问题
I want to use pytesseract Arabic And I have ara.traineddata in my system /usr/share/tesseract/tessdata/ path and i have already installed tesseract package
This is my code:
import pytesseract
from PIL import Image
pytesseract.image_to_string(Image.open('test_arabic.png'), config='', lang="ara")
and i get this error:
TesseractError Traceback (most recent call last)
in
----> 1 pytesseract.image_to_string(Image.open('test_persian.png'), config='', lang="ara")
~/.local/lib/python3.8/site-packages/pytesseract/pytesseract.py in image_to_string(image, lang, config, nice, output_type, timeout)
368 args = [image, 'txt', lang, config, nice, timeout]
369
--> 370 return {
371 Output.BYTES: lambda: run_and_get_output(*(args + [True])),
372 Output.DICT: lambda: {'text': run_and_get_output(*args)},
~/.local/lib/python3.8/site-packages/pytesseract/pytesseract.py in <lambda>()
371 Output.BYTES: lambda: run_and_get_output(*(args + [True])),
372 Output.DICT: lambda: {'text': run_and_get_output(*args)},
--> 373 Output.STRING: lambda: run_and_get_output(*args),
374 }[output_type]()
375
~/.local/lib/python3.8/site-packages/pytesseract/pytesseract.py in run_and_get_output(image, extension, lang, config, nice, timeout, return_bytes)
280 }
281
--> 282 run_tesseract(**kwargs)
283 filename = kwargs['output_filename_base'] + extsep + extension
284 with open(filename, 'rb') as output_file:
~/.local/lib/python3.8/site-packages/pytesseract/pytesseract.py in run_tesseract(input_filename, output_filename_base, extension, lang, config, nice, timeout)

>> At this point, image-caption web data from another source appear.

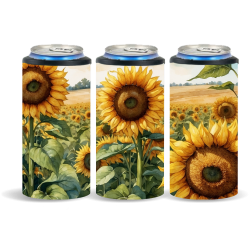 Sunflowers 012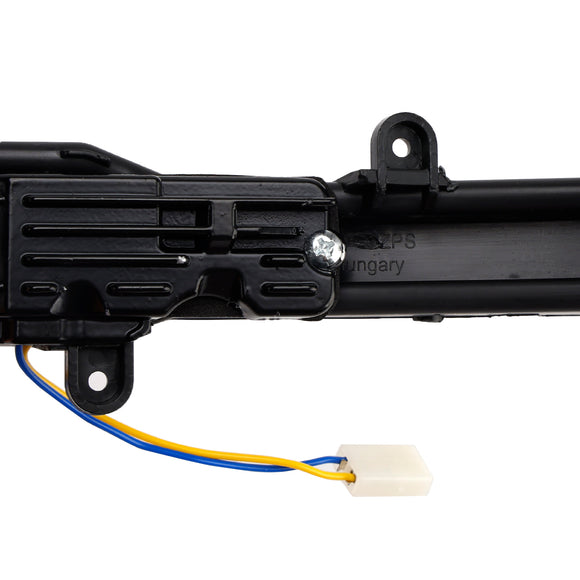 Rechter zijspiegel richtingaanwijzer voor Audi Q5 MK1 Q7 MK1 4L0949102C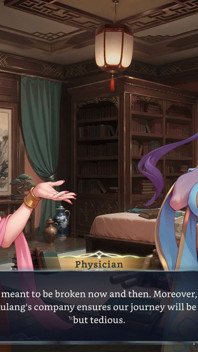 Harem Fantasy - Bikini Tales Dlc Gameplay Parte 1: Vaqueira De Xulang Em Cena H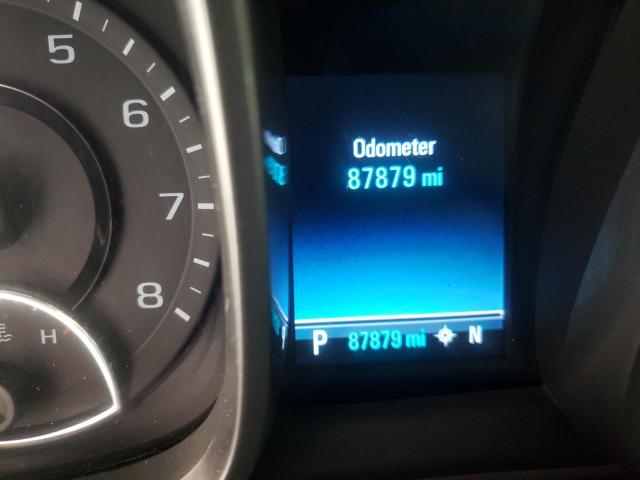Photo 8 from auction – 2013 CHEVROLET MALIBU LS with VIN 1G11E5SA7DF293822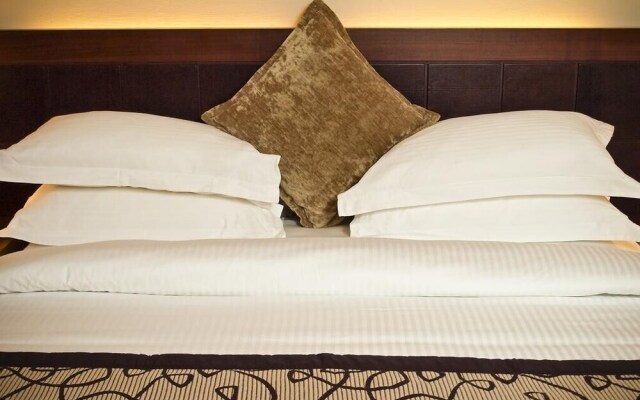 Rita Lori Hotel Lagos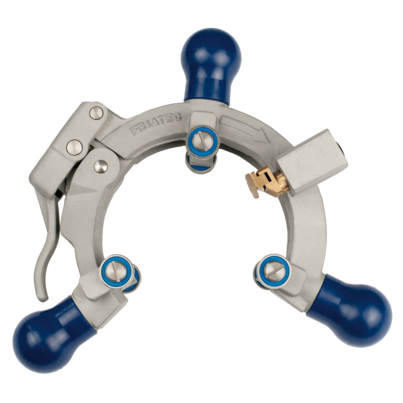 <P>Kompaktschälgerät für Rohrenden und Sattelflächen d 63 - d 315</P>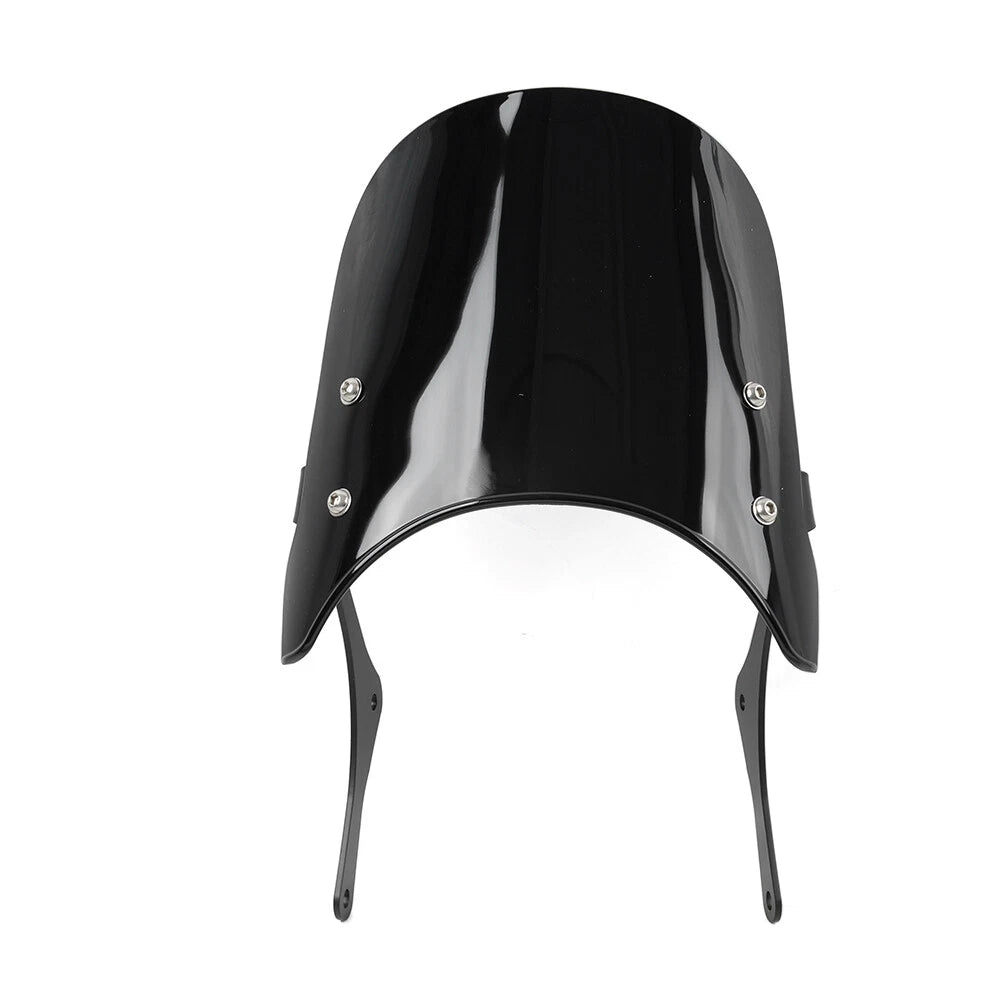 Windshield Deflector for Honda CT110 CT125 Hunter Cub (2020 - Present)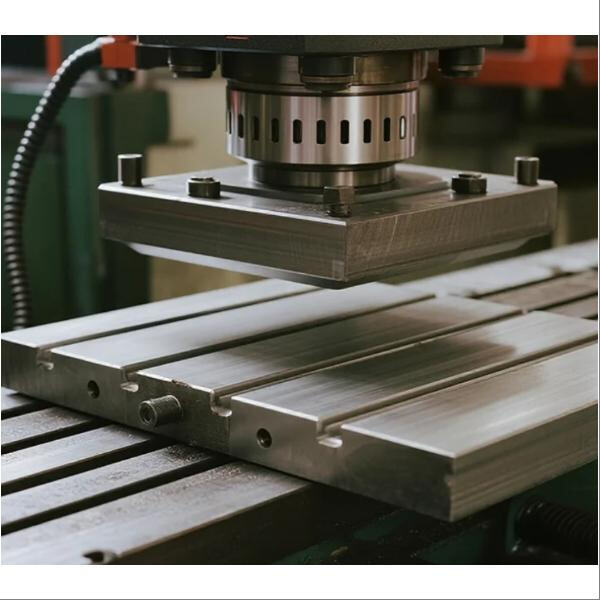 Affordable sheet metal pressing options for cost-effective production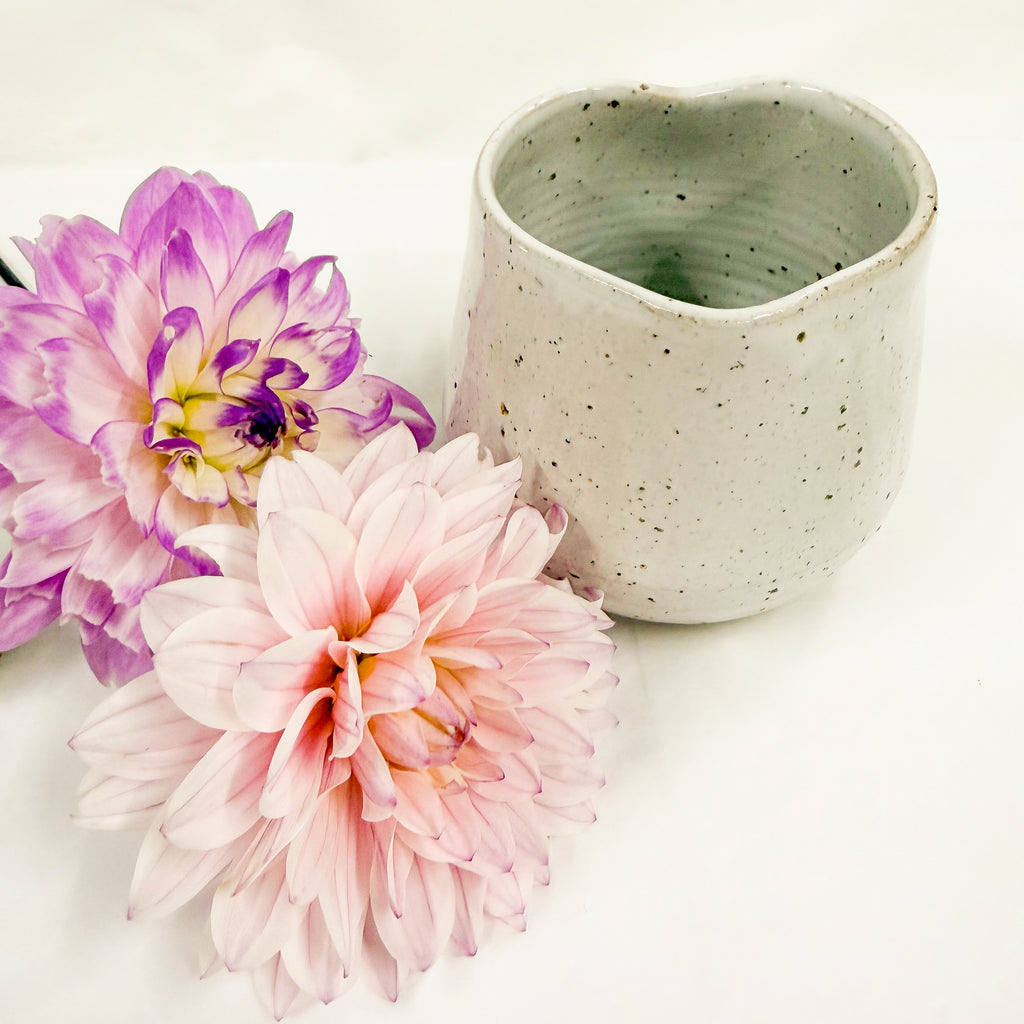Heart Mug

256 with timeout_manager(proc, timeout) as error_string:
257 if proc.returncode:
--> 258 raise TesseractError(proc.returncode, get_errors(error_string))
259
260
TesseractError: (1, 'read_params_file: parameter not found:')
Thanks for help.
回答1:
I suggest using the proper language model and the latest version:
For Windows 10:
tesseract-ocr-w64-setup-v5.0.0-alpha.20200328.exe (64 bit) resp.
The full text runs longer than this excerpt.